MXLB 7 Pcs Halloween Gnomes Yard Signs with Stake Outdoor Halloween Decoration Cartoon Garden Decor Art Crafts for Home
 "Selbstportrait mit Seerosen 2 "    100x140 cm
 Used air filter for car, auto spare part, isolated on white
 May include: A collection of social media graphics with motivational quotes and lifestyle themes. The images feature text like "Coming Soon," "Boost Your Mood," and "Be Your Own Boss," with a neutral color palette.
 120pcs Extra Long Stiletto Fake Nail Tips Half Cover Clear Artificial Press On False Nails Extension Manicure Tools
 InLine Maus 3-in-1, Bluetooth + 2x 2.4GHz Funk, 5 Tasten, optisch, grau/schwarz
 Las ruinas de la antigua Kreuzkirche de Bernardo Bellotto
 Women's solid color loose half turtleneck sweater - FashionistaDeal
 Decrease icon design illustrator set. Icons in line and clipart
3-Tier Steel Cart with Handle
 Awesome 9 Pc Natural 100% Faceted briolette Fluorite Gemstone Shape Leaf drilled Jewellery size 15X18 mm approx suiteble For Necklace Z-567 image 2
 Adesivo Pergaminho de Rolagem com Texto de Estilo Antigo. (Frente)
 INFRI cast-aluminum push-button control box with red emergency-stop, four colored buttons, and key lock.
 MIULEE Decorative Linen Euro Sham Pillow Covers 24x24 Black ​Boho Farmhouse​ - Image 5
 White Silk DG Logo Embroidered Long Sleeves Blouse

[Problem] Read the data above. Pull out each line in which the string "Long" appears.

[The completed task]
 120pcs Extra Long Stiletto Fake Nail Tips Half Cover Clear Artificial Press On False Nails Extension Manicure Tools
 White Silk DG Logo Embroidered Long Sleeves Blouse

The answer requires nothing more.